Adelante Mujer and Kids Rights

It was at this meeting I became a Chicana, at 12 and very unhappy about the length of my day, sleeping on a set of plastic chairs, deciding at an hour when I should have been in bed, marching up to the stage, standing at the microphone in front of my small audience of women cleaning and meeting, to make demands for kids rights. My mother, Rhea, mortified at my display of rebellion gave me that look only Chicana mothers can give, that says “siguele.” Loosely translated and in polite language, “wait until we get in the car and you are going to get a tongue lashing you can’t even imagine if I don’t beat your behind before and after!” Martha, the universal mediator of mothers and daughters, laughed and said “aye, mira la ninita—hechale! Fight for your rights!” Everyone laughed and it did break up the meeting—we left soon after.
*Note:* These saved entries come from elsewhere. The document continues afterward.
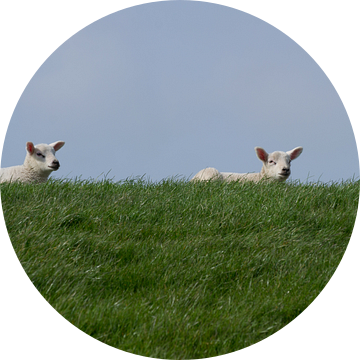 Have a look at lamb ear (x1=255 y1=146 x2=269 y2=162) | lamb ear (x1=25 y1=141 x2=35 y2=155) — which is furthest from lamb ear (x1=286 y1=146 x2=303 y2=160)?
lamb ear (x1=25 y1=141 x2=35 y2=155)

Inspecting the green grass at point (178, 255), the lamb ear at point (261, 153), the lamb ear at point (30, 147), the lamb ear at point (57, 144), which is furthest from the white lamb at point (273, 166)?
the lamb ear at point (30, 147)

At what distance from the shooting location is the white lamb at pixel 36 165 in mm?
8914

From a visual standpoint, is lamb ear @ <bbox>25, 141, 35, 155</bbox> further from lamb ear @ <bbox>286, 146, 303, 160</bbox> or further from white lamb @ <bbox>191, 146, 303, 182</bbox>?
lamb ear @ <bbox>286, 146, 303, 160</bbox>

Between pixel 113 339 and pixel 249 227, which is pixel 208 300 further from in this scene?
pixel 249 227

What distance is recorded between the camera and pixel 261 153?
9.84 m

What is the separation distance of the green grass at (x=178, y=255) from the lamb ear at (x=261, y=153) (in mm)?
2456

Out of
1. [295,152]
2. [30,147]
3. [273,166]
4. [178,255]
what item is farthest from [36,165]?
[295,152]

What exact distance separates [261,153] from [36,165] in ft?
17.5

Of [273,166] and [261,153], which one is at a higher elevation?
[261,153]

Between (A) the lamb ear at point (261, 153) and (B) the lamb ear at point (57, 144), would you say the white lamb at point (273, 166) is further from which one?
(B) the lamb ear at point (57, 144)

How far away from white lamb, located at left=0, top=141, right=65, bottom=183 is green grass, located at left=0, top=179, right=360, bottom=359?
1.79m

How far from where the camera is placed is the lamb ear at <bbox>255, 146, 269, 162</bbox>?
32.1ft

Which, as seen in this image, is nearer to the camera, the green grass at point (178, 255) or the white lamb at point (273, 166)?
the green grass at point (178, 255)

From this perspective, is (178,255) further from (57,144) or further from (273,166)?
(57,144) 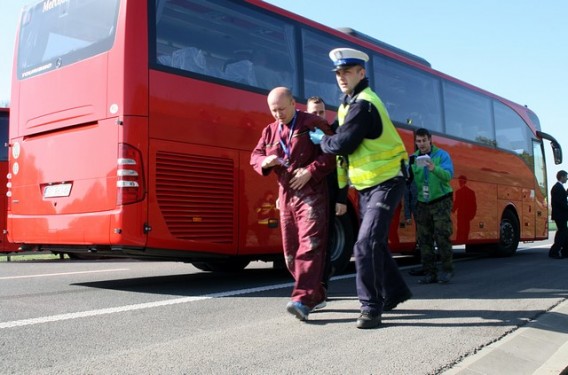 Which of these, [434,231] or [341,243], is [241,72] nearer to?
[341,243]

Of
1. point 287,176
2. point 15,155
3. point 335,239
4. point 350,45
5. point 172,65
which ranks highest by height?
point 350,45

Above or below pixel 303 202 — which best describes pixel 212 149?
above

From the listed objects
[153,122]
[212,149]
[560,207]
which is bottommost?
[560,207]

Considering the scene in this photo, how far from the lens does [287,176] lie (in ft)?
14.8

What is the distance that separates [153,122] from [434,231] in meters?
3.47

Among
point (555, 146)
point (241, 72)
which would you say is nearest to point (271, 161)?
point (241, 72)

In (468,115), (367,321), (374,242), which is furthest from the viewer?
(468,115)

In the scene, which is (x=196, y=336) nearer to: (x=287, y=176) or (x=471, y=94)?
(x=287, y=176)

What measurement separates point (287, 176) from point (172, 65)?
7.55 feet

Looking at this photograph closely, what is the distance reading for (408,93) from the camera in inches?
384

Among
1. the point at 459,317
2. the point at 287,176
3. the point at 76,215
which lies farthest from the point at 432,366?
the point at 76,215

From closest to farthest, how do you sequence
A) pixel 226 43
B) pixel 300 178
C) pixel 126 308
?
pixel 300 178 → pixel 126 308 → pixel 226 43

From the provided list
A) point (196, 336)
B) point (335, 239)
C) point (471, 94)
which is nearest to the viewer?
point (196, 336)

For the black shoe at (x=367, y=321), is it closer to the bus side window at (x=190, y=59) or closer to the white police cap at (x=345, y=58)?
the white police cap at (x=345, y=58) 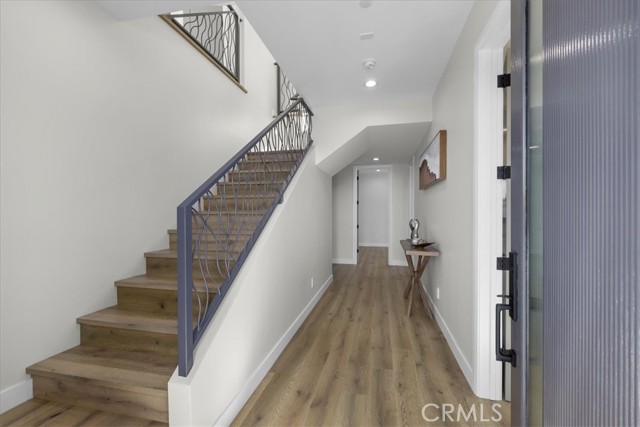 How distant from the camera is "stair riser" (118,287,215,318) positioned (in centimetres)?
197

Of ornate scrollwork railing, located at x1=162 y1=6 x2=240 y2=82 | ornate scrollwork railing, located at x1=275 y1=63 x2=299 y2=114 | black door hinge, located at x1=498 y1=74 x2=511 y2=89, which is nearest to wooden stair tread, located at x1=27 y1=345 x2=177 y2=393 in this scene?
black door hinge, located at x1=498 y1=74 x2=511 y2=89

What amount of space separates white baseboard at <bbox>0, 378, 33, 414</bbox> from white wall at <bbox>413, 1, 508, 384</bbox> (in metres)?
2.79

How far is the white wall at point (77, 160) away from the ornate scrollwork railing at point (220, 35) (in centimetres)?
73

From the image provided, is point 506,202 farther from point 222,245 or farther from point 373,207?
point 373,207

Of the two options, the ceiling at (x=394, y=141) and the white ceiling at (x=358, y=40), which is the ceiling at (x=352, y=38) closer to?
the white ceiling at (x=358, y=40)

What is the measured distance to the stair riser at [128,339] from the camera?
1.74 m

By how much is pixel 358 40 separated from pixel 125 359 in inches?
113

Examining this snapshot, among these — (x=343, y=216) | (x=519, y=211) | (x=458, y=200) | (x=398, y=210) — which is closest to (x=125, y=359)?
(x=519, y=211)

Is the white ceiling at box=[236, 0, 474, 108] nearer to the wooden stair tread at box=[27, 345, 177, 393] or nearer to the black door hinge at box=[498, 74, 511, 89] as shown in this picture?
the black door hinge at box=[498, 74, 511, 89]

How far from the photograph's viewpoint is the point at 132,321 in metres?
1.85

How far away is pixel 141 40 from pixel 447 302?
368cm

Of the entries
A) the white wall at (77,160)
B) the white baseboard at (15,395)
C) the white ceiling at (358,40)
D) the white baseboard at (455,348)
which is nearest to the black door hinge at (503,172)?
the white ceiling at (358,40)

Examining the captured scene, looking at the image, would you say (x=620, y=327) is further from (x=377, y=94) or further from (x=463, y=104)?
(x=377, y=94)

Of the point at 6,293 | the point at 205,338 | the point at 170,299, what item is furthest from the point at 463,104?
the point at 6,293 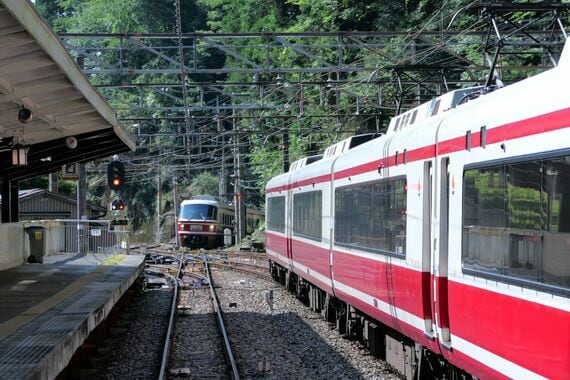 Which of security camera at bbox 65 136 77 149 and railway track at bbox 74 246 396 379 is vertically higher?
security camera at bbox 65 136 77 149

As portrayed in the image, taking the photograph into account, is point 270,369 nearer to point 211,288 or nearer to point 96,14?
point 211,288

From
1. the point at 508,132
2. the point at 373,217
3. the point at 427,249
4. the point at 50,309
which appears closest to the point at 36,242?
the point at 50,309

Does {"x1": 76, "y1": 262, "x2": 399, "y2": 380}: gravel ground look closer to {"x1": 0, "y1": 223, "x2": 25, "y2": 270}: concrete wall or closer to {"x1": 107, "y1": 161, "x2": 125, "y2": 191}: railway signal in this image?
{"x1": 0, "y1": 223, "x2": 25, "y2": 270}: concrete wall

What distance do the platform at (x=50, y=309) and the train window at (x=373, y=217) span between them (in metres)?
3.63

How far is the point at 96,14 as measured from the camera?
158ft

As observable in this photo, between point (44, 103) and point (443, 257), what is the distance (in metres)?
7.70

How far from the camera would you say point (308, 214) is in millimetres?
16359

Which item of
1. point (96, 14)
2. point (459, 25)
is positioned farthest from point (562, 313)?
point (96, 14)

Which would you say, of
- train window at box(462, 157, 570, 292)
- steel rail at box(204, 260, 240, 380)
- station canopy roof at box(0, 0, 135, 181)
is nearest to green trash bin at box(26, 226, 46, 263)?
station canopy roof at box(0, 0, 135, 181)

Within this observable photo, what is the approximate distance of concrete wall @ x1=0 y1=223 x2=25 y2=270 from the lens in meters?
17.6

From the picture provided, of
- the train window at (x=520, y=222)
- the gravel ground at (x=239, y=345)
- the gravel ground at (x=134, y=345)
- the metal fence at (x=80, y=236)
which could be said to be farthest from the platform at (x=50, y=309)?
the train window at (x=520, y=222)

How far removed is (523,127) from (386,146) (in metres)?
4.23

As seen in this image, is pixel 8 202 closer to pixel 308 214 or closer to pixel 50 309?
pixel 308 214

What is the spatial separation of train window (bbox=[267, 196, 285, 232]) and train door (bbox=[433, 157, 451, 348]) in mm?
13688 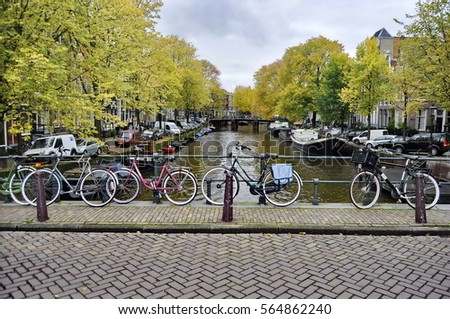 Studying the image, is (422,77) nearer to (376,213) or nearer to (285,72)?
(376,213)

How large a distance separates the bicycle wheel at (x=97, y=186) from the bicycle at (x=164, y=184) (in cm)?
24

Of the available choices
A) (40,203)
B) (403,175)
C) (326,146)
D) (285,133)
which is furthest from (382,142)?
(40,203)

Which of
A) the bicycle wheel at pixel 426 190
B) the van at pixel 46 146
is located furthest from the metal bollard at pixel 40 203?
the van at pixel 46 146

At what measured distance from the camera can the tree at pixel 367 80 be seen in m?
32.6

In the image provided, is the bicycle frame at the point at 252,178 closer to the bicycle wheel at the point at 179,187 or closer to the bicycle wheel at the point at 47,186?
the bicycle wheel at the point at 179,187

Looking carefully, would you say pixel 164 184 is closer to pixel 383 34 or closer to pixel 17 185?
pixel 17 185

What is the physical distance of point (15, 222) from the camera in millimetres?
6938

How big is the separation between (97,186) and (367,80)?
30462mm

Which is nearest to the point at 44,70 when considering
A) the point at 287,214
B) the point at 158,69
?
the point at 287,214

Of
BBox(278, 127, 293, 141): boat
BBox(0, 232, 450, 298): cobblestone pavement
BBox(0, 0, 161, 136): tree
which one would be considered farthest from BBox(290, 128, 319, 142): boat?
BBox(0, 232, 450, 298): cobblestone pavement

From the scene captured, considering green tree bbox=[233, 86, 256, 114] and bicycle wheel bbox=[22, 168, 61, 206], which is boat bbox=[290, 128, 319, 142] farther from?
green tree bbox=[233, 86, 256, 114]

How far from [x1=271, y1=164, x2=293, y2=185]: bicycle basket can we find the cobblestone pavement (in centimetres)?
197

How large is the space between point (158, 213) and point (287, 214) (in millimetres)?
2637

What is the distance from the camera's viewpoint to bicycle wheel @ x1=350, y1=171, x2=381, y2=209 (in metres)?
8.16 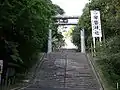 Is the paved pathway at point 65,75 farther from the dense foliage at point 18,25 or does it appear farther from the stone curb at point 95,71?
the dense foliage at point 18,25

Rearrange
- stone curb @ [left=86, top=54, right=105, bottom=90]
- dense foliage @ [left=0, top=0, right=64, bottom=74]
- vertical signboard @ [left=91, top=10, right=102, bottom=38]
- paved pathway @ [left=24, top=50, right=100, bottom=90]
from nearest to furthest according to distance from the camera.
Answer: dense foliage @ [left=0, top=0, right=64, bottom=74], paved pathway @ [left=24, top=50, right=100, bottom=90], stone curb @ [left=86, top=54, right=105, bottom=90], vertical signboard @ [left=91, top=10, right=102, bottom=38]

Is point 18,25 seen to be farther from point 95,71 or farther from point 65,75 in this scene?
point 95,71

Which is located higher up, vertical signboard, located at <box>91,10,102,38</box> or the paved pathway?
vertical signboard, located at <box>91,10,102,38</box>

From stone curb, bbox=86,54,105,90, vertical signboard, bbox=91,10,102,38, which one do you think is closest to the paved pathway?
stone curb, bbox=86,54,105,90

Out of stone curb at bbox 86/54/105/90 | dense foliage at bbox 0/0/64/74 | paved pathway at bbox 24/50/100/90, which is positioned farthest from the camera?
stone curb at bbox 86/54/105/90

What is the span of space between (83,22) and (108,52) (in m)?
18.8

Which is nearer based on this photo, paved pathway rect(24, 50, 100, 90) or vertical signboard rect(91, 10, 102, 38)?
paved pathway rect(24, 50, 100, 90)

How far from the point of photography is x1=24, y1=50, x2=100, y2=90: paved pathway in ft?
76.0

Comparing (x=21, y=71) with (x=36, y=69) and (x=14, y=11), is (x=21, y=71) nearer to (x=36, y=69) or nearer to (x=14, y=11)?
(x=36, y=69)

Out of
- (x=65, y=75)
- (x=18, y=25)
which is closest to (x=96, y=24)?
(x=65, y=75)

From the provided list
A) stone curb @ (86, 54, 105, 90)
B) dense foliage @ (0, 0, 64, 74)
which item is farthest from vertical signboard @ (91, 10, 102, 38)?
dense foliage @ (0, 0, 64, 74)

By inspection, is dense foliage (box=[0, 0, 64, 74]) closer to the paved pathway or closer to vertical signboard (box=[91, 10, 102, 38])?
the paved pathway

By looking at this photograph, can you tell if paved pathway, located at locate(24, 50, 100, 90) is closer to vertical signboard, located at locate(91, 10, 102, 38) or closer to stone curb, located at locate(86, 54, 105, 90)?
stone curb, located at locate(86, 54, 105, 90)

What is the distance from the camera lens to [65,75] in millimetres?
27797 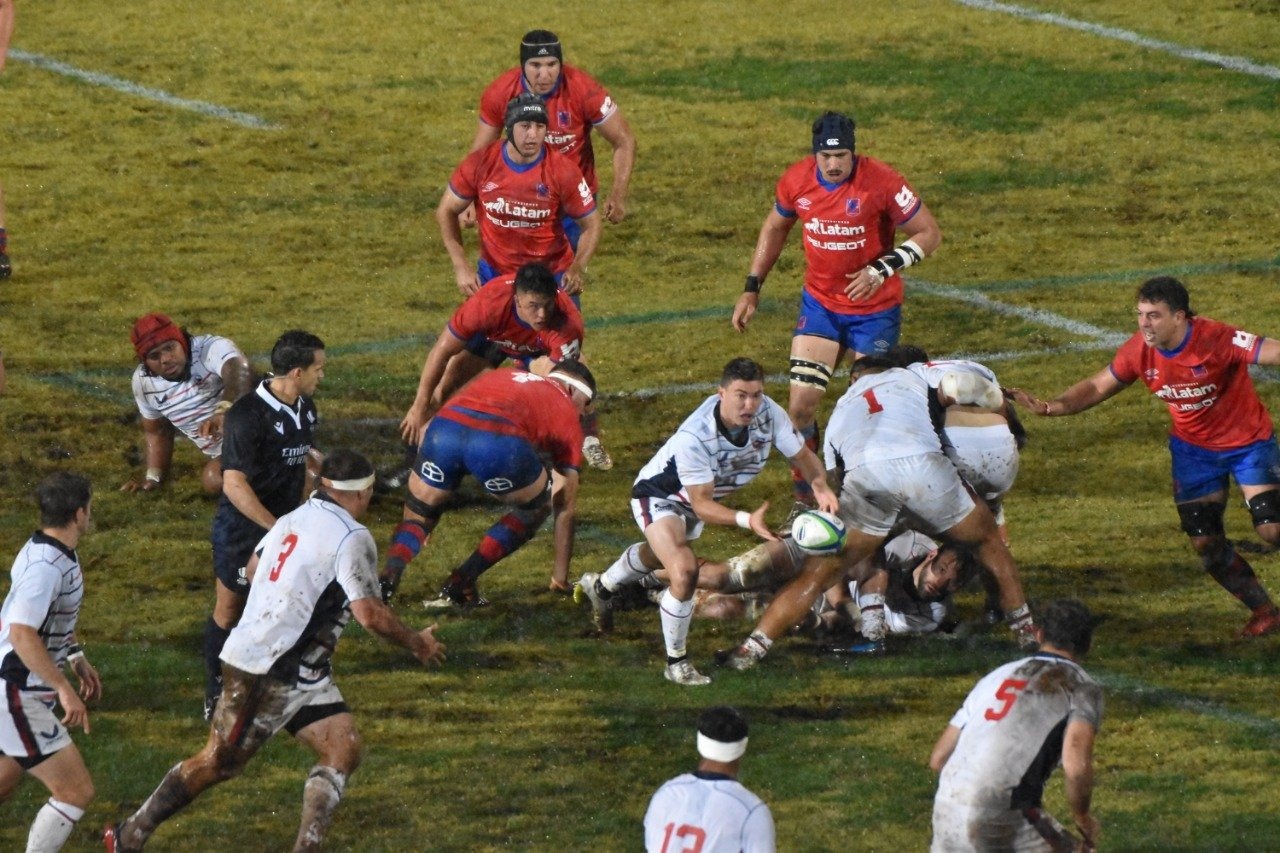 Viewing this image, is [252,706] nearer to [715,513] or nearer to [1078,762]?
[715,513]

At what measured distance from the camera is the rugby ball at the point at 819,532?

In the car, knowing I was in for it, I waited in the back seat. I knew Aunt Ernestine, one of my mother’s oldest friends was no protection from the onslaught—momma would had taken me down in front of her comadres and with their blessing. I waited, but during the two hour car ride back to Chicago, nothing was said about my outburst. In a way I suspect my mother was secretly proud that my little speech seemed well constructed—that I had demonstrated some interest in what she was doing. All of us were children dragged along in the rushing shove of the movement, with absolutely no inclination towards what our iconic parents had taken on. They were public people--in the news every other day, at rallies, meetings, challenging the status quo, criticized by community, family, friends. We were none of those things, living through pubescent and teenage years when the last thing you want to be is noticed, much less a rebel.